Exercise objective: Output begins at the line with "Cunning Craft Iron" and ends at the last line of the records below. Copy each line in that span exactly, and leave out pictures.

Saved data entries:
-=-=-=-=-

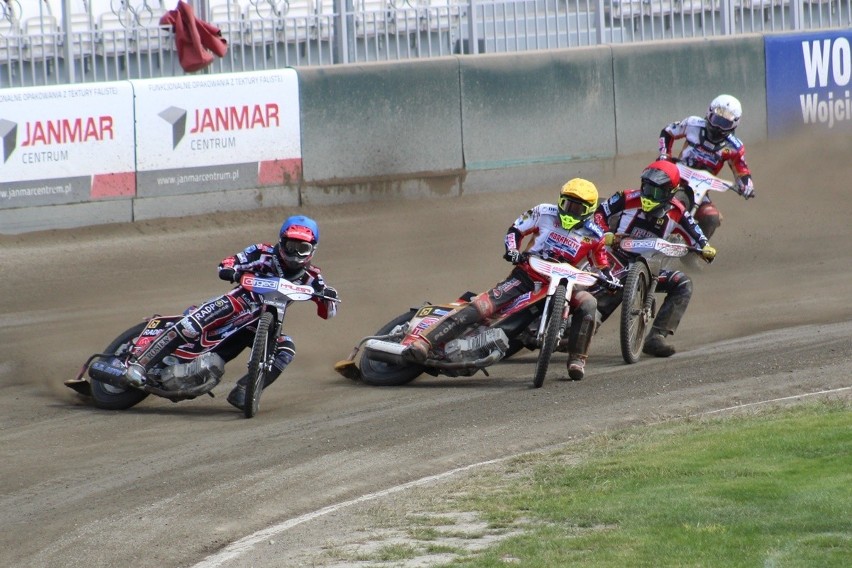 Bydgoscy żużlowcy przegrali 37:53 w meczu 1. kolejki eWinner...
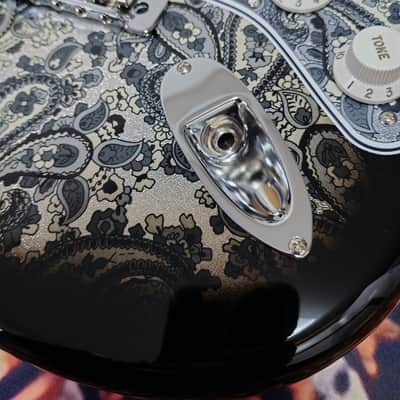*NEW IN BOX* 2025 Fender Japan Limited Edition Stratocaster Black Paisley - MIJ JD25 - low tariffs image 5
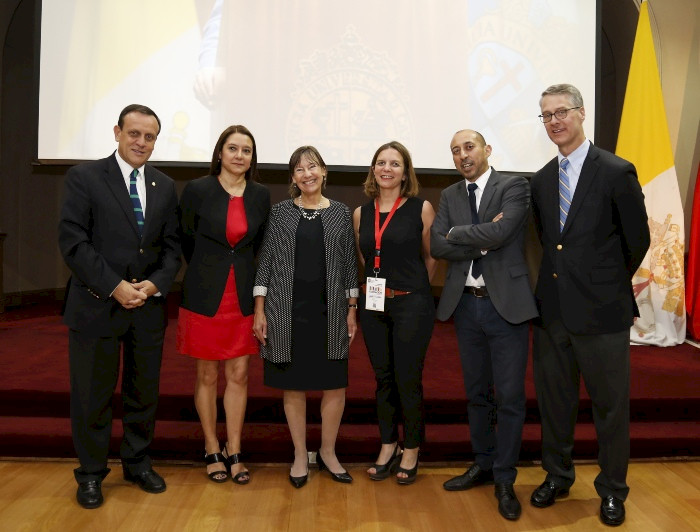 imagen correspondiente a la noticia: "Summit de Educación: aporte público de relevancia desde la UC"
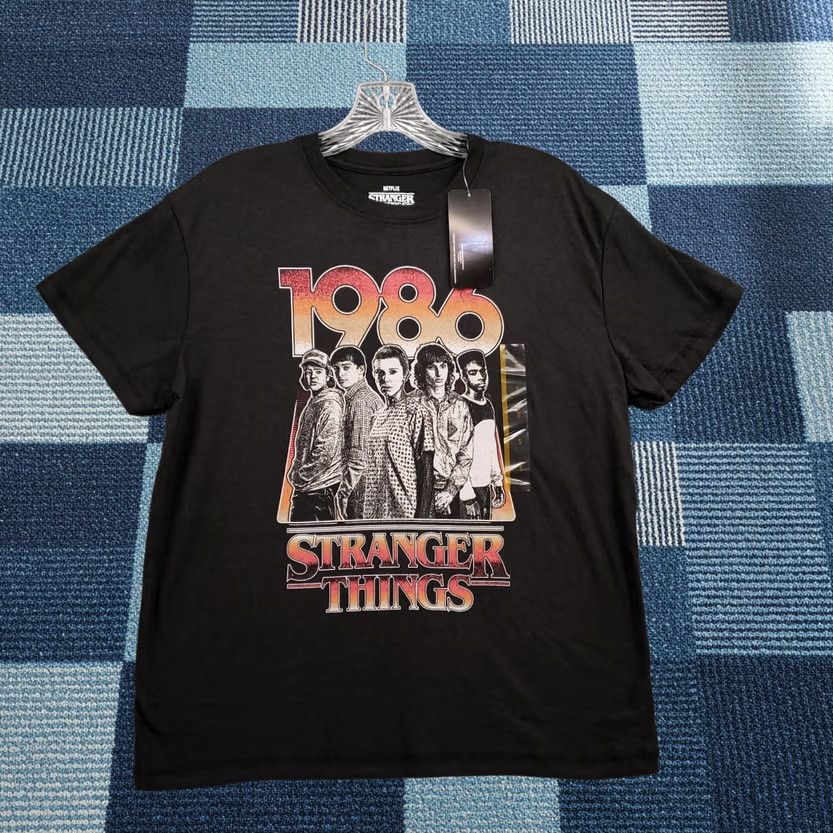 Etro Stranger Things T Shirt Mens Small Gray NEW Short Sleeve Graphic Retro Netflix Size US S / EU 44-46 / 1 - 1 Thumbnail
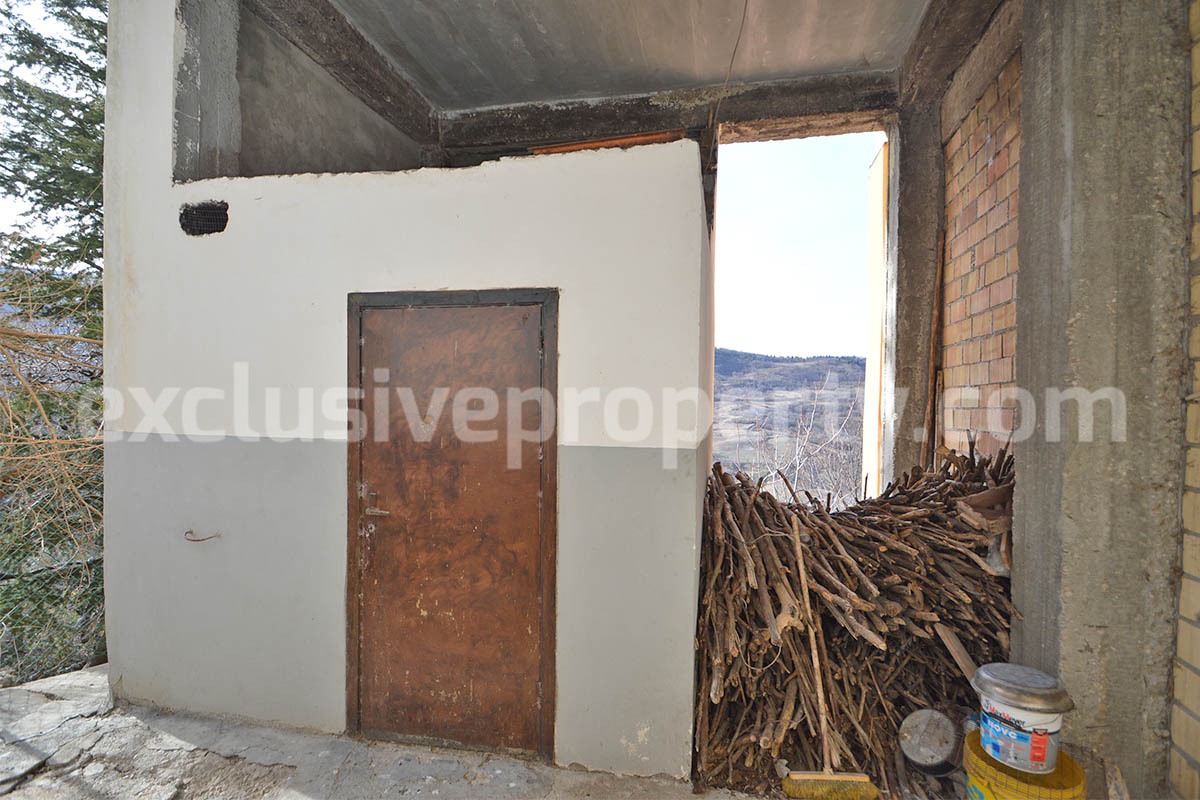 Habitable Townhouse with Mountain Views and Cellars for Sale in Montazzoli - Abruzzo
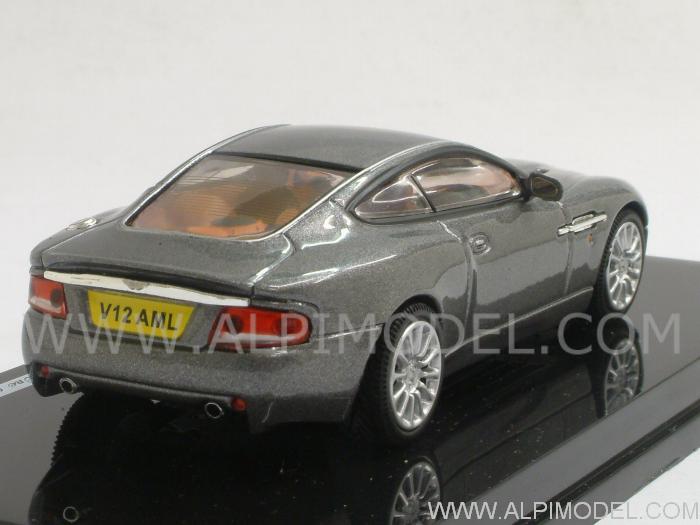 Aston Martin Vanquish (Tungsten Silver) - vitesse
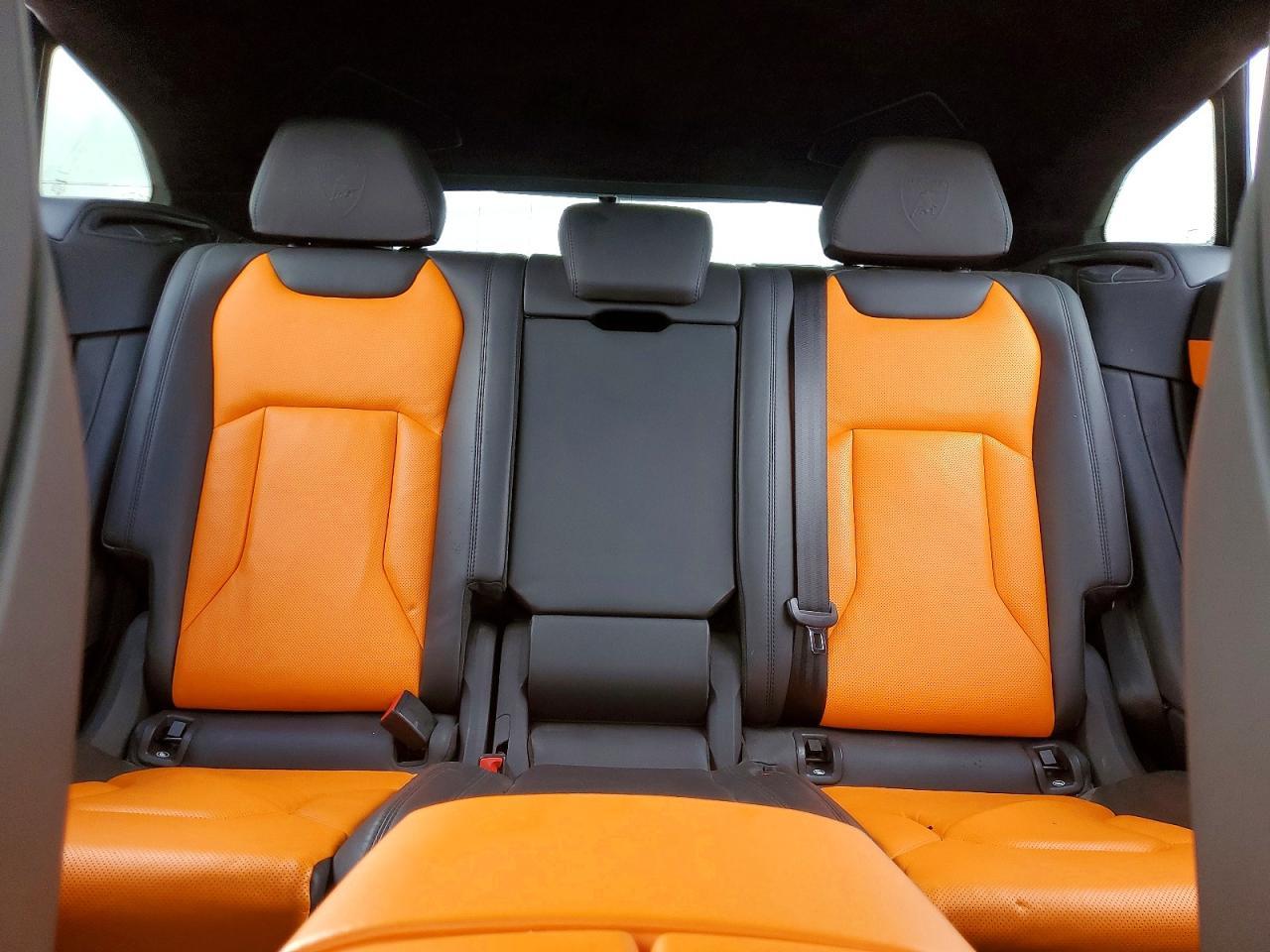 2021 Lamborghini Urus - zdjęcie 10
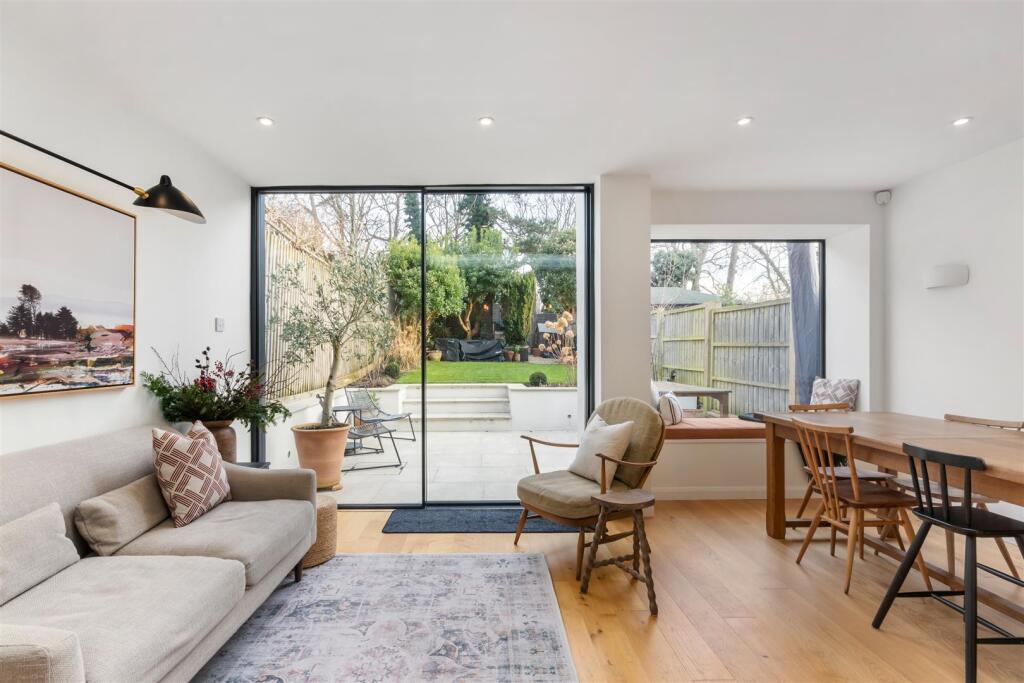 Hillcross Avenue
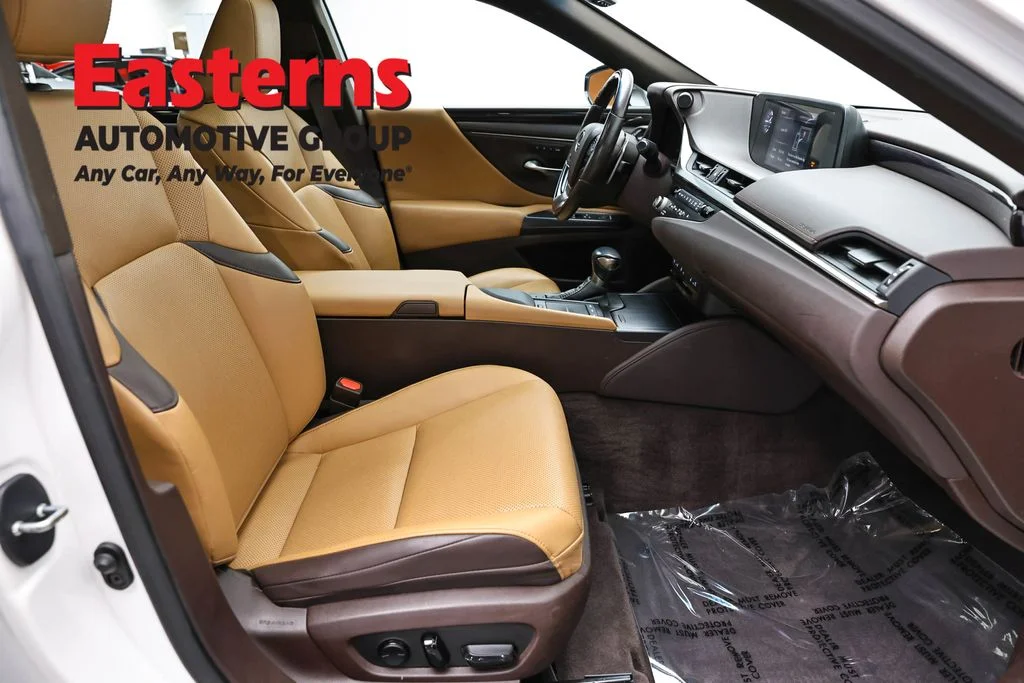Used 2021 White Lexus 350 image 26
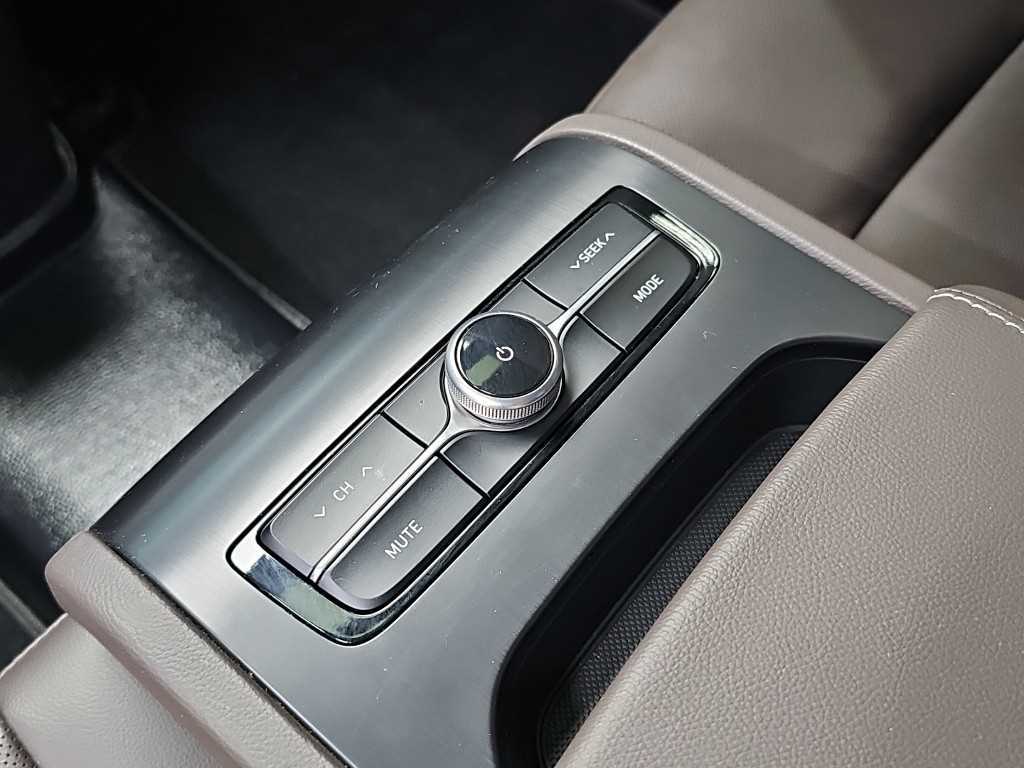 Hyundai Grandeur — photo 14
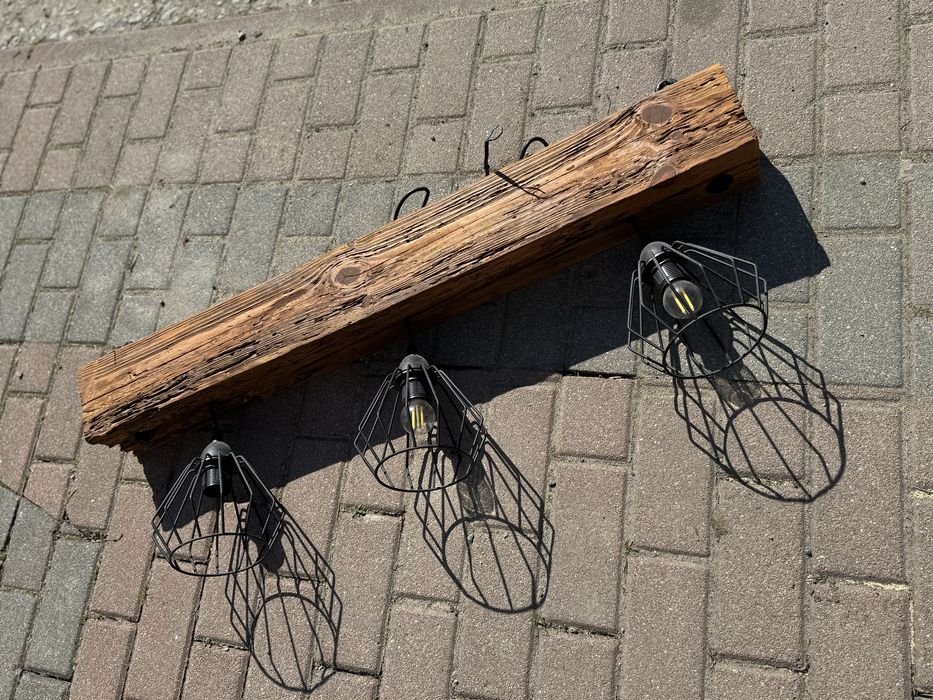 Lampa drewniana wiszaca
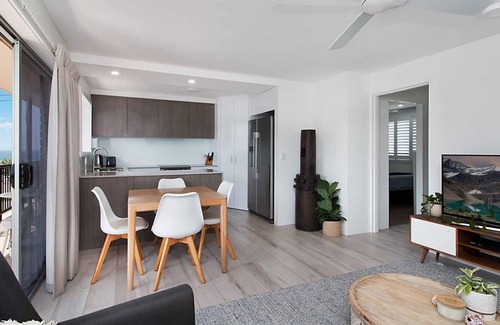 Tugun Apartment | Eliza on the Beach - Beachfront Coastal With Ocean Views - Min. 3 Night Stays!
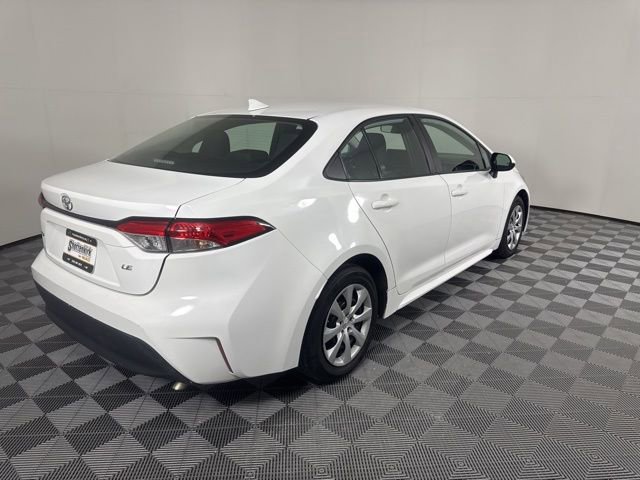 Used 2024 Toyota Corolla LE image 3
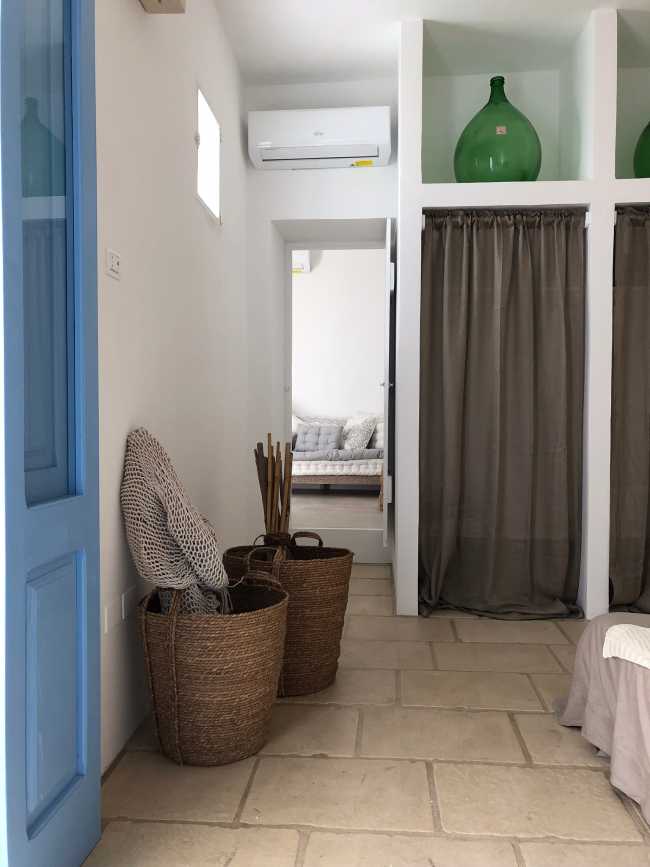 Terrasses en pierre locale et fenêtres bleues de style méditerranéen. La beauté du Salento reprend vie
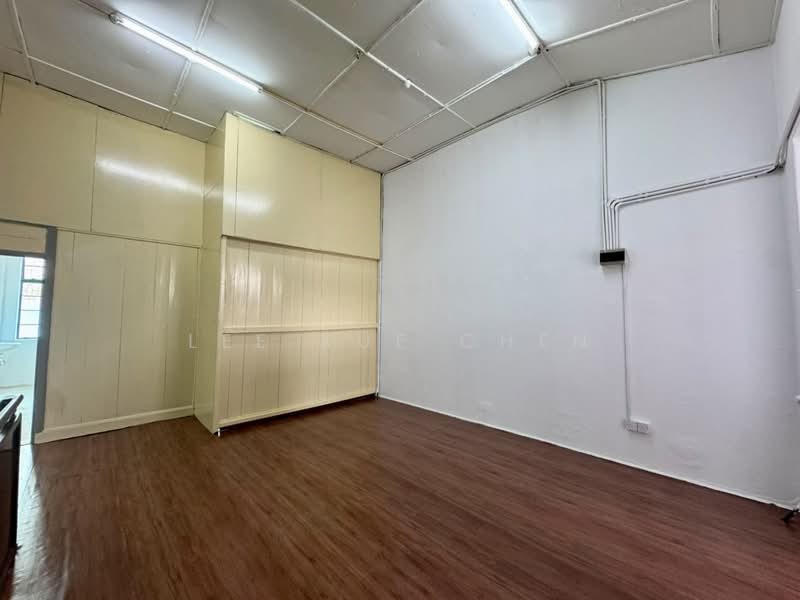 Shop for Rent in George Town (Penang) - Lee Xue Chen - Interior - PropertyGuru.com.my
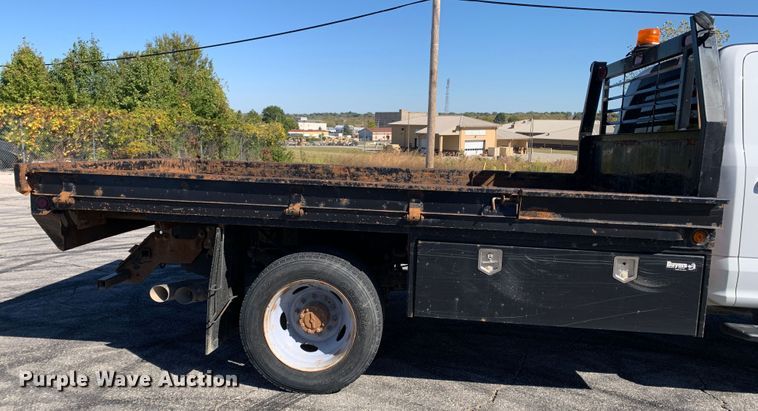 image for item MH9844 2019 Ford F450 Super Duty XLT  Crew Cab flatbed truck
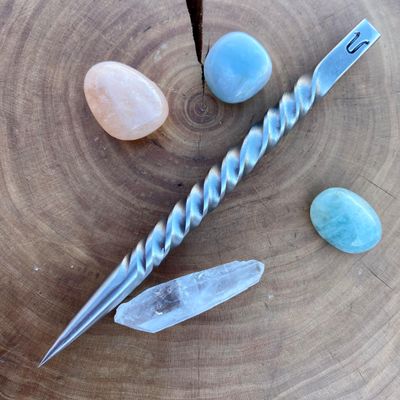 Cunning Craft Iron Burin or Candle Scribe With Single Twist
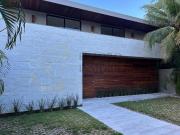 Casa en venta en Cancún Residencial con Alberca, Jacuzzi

-=-=-=-=-

Solution for this exercise:
 Cunning Craft Iron Burin or Candle Scribe With Single Twist
 Casa en venta en Cancún Residencial con Alberca, Jacuzzi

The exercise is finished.